▶ [Task objective]: Each line of the listing where the string "Black" appears is to be identified and copied.

····················

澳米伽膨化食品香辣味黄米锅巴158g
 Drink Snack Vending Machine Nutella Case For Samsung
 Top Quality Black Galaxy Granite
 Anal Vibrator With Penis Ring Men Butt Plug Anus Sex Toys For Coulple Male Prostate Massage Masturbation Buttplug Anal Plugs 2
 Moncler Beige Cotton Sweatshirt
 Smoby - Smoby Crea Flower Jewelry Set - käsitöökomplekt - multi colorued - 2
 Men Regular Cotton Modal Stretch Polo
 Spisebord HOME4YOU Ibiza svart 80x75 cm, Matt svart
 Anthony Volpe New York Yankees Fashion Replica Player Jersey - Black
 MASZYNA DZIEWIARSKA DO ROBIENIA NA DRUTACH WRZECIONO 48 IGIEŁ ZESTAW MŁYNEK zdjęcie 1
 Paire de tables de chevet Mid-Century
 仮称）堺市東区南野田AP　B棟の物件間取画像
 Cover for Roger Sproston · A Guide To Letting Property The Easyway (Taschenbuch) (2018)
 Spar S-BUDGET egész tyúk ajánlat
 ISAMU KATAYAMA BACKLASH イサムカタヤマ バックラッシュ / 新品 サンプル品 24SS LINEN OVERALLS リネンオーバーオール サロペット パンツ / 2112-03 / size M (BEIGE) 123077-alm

····················

▶ [Result below]:
 Top Quality Black Galaxy Granite
 Anthony Volpe New York Yankees Fashion Replica Player Jersey - Black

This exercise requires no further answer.